My friend and I were sharing a cup of coffee after Mass. In his homily this morning, our pastor had pointed out that both the first reading and the Gospel involve beggars: a beggar outside the Temple in Jerusalem accosting Peter and John, and two disciples on the road to Emmaus begging the Risen Christ to bide with them a while. Our pastor invited us to realize that we are beggars too, and this led me to question what I truly beg for.
This may be why I said what I said next to my friend over coffee: “That applies to me as well. I mean, God’s not calling me to be a priest, of course, but I’ve always found it difficult to pray for things for myself. I mean, I think it’s OK to ask God to help rid me of my impatience, but I usually wouldn’t ask him for a job.”
“You mean, it’s OK to ask for virtues,” my friend said, “but not for stuff.”

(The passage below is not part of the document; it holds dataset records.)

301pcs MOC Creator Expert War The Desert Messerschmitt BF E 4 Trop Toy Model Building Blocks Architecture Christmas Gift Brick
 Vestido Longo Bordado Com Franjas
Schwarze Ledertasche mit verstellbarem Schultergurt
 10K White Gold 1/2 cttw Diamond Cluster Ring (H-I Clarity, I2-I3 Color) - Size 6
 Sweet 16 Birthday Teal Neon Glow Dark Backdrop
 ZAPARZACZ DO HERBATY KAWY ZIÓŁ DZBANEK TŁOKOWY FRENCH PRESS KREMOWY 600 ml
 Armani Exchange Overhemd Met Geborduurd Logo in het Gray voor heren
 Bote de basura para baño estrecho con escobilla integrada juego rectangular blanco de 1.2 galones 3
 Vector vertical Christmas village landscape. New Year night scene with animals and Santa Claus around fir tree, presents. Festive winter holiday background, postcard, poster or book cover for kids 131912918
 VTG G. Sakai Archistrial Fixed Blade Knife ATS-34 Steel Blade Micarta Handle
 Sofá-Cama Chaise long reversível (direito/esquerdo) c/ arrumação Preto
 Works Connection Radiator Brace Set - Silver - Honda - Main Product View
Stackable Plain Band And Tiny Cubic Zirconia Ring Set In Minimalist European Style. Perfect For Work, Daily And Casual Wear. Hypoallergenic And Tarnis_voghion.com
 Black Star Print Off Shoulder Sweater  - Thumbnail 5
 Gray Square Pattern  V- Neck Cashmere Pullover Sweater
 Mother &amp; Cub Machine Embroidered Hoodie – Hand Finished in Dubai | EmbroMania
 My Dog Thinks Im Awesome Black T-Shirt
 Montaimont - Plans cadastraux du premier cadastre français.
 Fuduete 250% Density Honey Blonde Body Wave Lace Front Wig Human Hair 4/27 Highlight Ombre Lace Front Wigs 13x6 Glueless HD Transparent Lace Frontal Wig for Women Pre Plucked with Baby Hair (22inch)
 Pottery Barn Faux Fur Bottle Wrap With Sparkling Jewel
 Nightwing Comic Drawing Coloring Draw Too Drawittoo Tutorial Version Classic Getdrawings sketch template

“Exactly. I’m probably not going to pray to win the lottery, but if God is all-powerful and he really loves me and listens to me and knows everything that’s in my heart and mind, then I can tell him all my needs, personal, financial, whatever. I can give him that too. He doesn’t want a fake version of me either.”
A fake version of me is someone who only puts his best face forward, a man too “holy,” too together to be needy. Of course, God is too wise to be fooled and sees right through my fakery. But I may not.